2.2. Preprocess paper¶

fitz 라이브러리를 사용하여 pdf 파일에서 텍스트 추출
일정 길이를 기준으로 텍스트를 분리하여 chunk 구성
chunk별로 embedding 추출 후 index에 저장
langchain 라이브러리 사용
- RecursiveCharacterTextSplitter: 텍스트를 특정 길이로 분리
- HuggingFaceEmbeddings: Text embedding wrapper
- FAISS: Faiss vector index wrapper

def clean_text(text):
    text = text.replace('\n', ' ')
    text = re.sub('\s+', ' ', text)
    return text

def extract_text(pdf_path):
    doc = fitz.open(pdf_path)
    num_pages = doc.page_count

    text = []
    for p in range(num_pages):
        page = doc[p]
        page_text = page.get_text('text')
        page_text = clean_text(page_text)
        text.append(page_text)

    doc.close()
    text = '\n'.join(text)
    return text

def split_text(text, chunk_size=1024):
    text_splitter =  RecursiveCharacterTextSplitter(chunk_size=chunk_size, chunk_overlap=100)
    chunks = text_splitter.split_text(text)
    chunks = [c for c in chunks if len(c) > chunk_size * 0.9]
    return chunks

text = extract_text(paper['file_path'])
chunks = split_text(text)

embeddings = HuggingFaceEmbeddings(model_name="all-MiniLM-L6-v2")
db = FAISS.from_texts(chunks, embeddings)

2.3. Generate questions¶

chunk를 보고 답변 가능한 질문 생성
chunk 선택
- reference, acknowledgement와 같이 논문 내용과 관련 없는 chunk 존재
- 이를 해결하기 위해 논문 abstract과 유사도가 높은 5개의 chunk만 선택
질문 생성
- 한 chunk당 3개 질문 생성
- langchain의 ChatOpenAI모듈 사용
질문 선택
- 유사한 질문들이 많이 생성되기 때문에 다른 질문들을 선택하는 과정 필요
- extractive summarization에서 사용하는 Maximal marginal relevance를 사용하여 질문 선택

def clean_questions(questions):
    return [q.replace(f'{i+1}.', '').strip() for i, q in enumerate(questions.split('\n'))]

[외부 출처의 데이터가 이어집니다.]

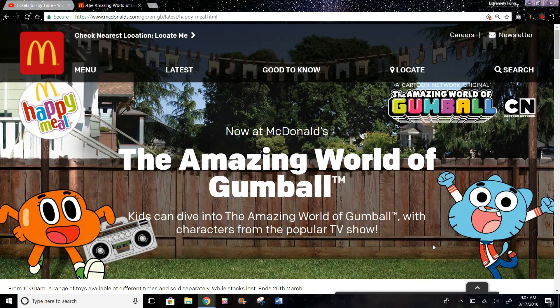Hi guys, the UK currently has a really cool Happy Meal set. This is The Amazing World of Gumball, and it's a show on Cartoon Network.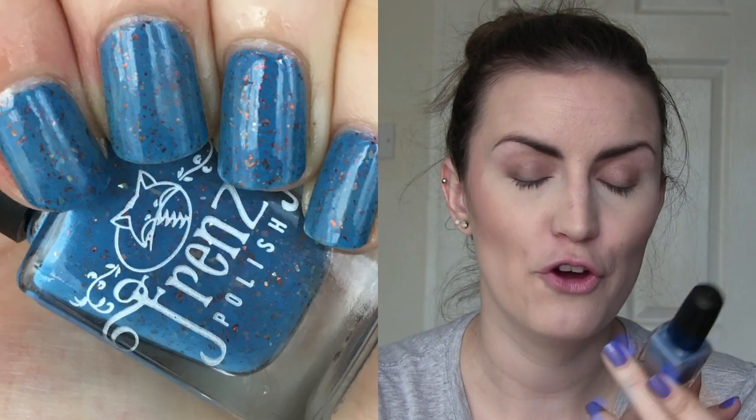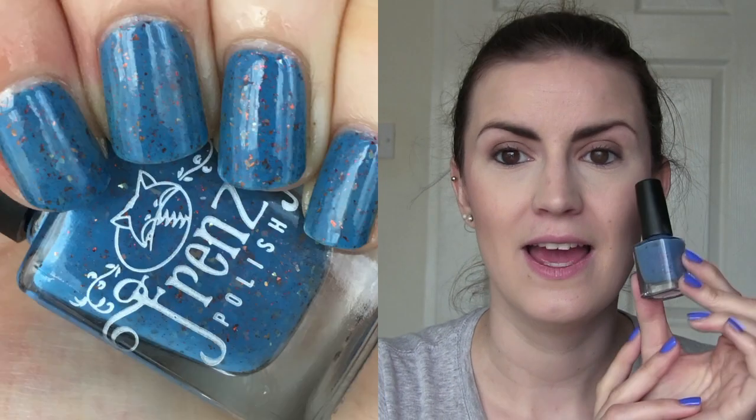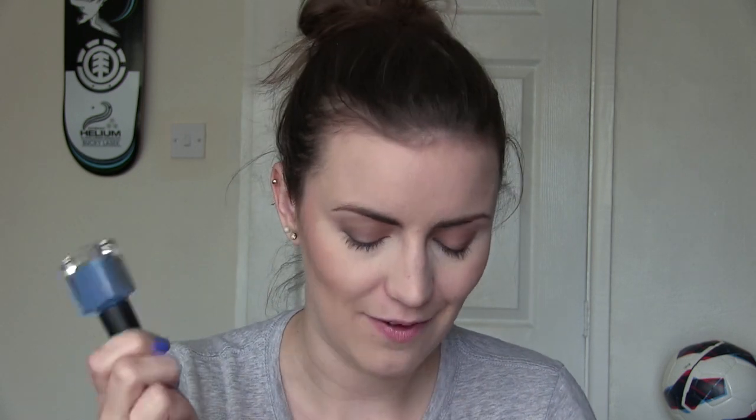Number five is: name an indie polish that fits your personality to a T. I remember when I got this polish I was like, this is me — if I was going to create a polish, this is what it would be. This is Autumn Symphony by Frenzy Polish. Frenzy doesn't exist anymore in this form — I think she's slightly rebranded. But this is a mid-toned blue with a ton of bronze flakies. I just remember when I got this I was like, this is me — if I was going to make a polish I would do blue and bronze. I absolutely love that one, and I just think it was meant for me.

def generate_questions(chat, context):
    system_content = (
        'Generate three questions based on the paragraph. '
        'All questions should be answerable using the information provided in the paragraph.'
    )

    messages = [
        SystemMessage(content=system_content),
        HumanMessage(content=context)
    ]

    questions = run_chat(chat, messages)
    return clean_questions(questions)

class MMR(object):
    def __init__(self, k, _lambda):
        self.k = k
        self._lambda = _lambda
    
    def get_similarity(self, s1, s2):
        """ Get cosine similarity between vectors

        Params:
        s1 (np.array): 1d sentence embedding (512,)
        s2 (np.array): 1d sentence embedding (512,)
        
        Returns:
        sim (float): cosine similarity 
        """

        cossim = np.dot(s1, s2) / (np.linalg.norm(s1) * np.linalg.norm(s2))
        sim = 1 - np.arccos(cossim) / np.pi
        return sim
    
    def get_similarity_with_matrix(self, s, m):
        """Get cosine similarity between vector and matrix

        Params:
        s (np.array): 1d sentence embedding (512,)
        m (np.array): 2d sentences' embedding (n, 512)

        Returns:
        sim (np.array): similarity (n,)
        """

        cossim = np.dot(m, s) / (np.linalg.norm(s) * np.linalg.norm(m, axis=1))
        sim = 1 - np.arccos(cossim) / np.pi
        return sim
    
    def get_mmr_score(self, s, q, selected):
        """Get MMR (Maximal Marginal Relevance) score of a sentence

        Params:
        s (np.array): sentence embedding (512,)
        q (np.array): query embedding (512,)
        selected (np.array): embedding of selected sentences (m, 512)

        Returns:
        mmr_score (float)
        """

        relevance = self._lambda * self.get_similarity(s, q)
        if selected.shape[0] > 0:
            negative_diversity = (1 - self._lambda) * np.max(self.get_similarity_with_matrix(s, selected))
        else:
            negative_diversity = 0
        return relevance - negative_diversity

    def summarize(self, embedding):
        selected = [False] * len(embedding)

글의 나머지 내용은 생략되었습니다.